1. Experience in large-scale distributed system operation and maintenance is preferred.

2. Experience in high concurrency and high availability system optimization is preferred.

3. Experience in cloud computing, big data and artificial intelligence is preferred.

4. Experience contributing to open-source projects or writing technical blogs is a plus.

Job Description

Job responsibility

1. DevOps System Construction:

o Responsible for the DevOps system construction of platform products, including CI/CD pipeline, automated deployment, alarm monitoring, etc.

Design and implement best practices for continuous integration, continuous delivery, and continuous deployment.

2. Operation and maintenance architecture design:

o Design highly available and scalable operation and maintenance architecture to support the stable operation of platform products.

o Formulate disaster recovery, backup, and recovery policies to ensure high system availability and data security.

3. Automatic operation and maintenance:

o Develop and maintain automated O&M tools and scripts to improve O&M efficiency.

Implement infrastructure as Code (IaC), using tools such as Terraform, Ansible and others to manage the infrastructure.

4. Monitoring and Alarm:

o Design and implement a comprehensive monitoring system covering servers, networks, applications and databases.

o Configure alarm rules to ensure that problems can be discovered and handled in a timely manner.

5. Performance optimization:

o Analyze and optimize system performance to solve performance bottlenecks under high concurrency and large data volume.

o Design caching policies and load balancing schemes to improve system response speed and throughput.

6. Safety management:

o Design and implement system security policies to prevent network attacks, data leaks and other security risks.

Conduct regular security assessments and vulnerability fixes to ensure systems meet security compliance requirements.

7. Teamwork and guidance:

Work closely with the development team and test team to ensure the smooth running of the DevOps process.

o Coach team members on DevOps tools and best practices.

o Write technical documentation to share operational experience and best practices.

8. Cost control:

o Optimize server resource allocation to reduce hardware and cloud service costs.
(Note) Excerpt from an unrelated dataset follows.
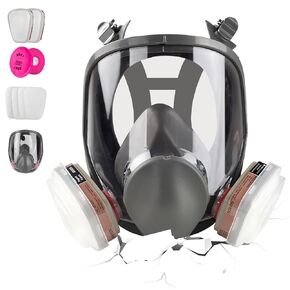 Full Face Respirator 4 Pack: 6800 Reusable Respirator Mask with Filters 60921 & 2097 - Gas Mask Anti Fog Against Organic Vapor Fumes Gases for Spray Paint Chemicals Epoxy Resin Welding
o Design resource utilization monitoring mechanism to avoid resource waste.

9. Introduction of new technologies:

o Track industry technology development trends, introduce new technologies to improve operation and maintenance capabilities.

o Evaluate and select suitable tools and technology stacks.

________________________________________

Job requirements:

1. Educational background:

o Bachelor degree or above in computer science, software engineering or related field.

2. Work experience:

o more than 3 years operation or DevOps related experience, platform product operation and maintenance experience is preferred.

3. Technical ability:

o Proficient in CI/CD toolchains (e.g. Jenkins, GitLab CI, ArgoCD).

Familiar with containerization technologies (e.g. Docker, Kubernetes) and microservice architectures.

Familiar with monitoring tools (e.g. Prometheus, Grafana, Zabbix).

o Familiar with automated O&M tools (e.g. Ansible, Terraform, Chef).

o Familiar with cloud services (such as AWS, Alibaba Cloud, Tencent Cloud) and DevOps toolchains.

4. Soft skills:

o Good communication skills and team work spirit.

o Strong analytical and problem solving skills.

o Have technical documentation and training ability.

o A work model that can accommodate long-distance travel.

________________________________________

Bonus point

1. Experience in large-scale distributed system operation and maintenance is preferred.

2. Experience in high concurrency and high availability system optimization is preferred.

3. Experience in cloud computing, big data and artificial intelligence is preferred.

4. Experience contributing to open-source projects or writing technical blogs is a plus.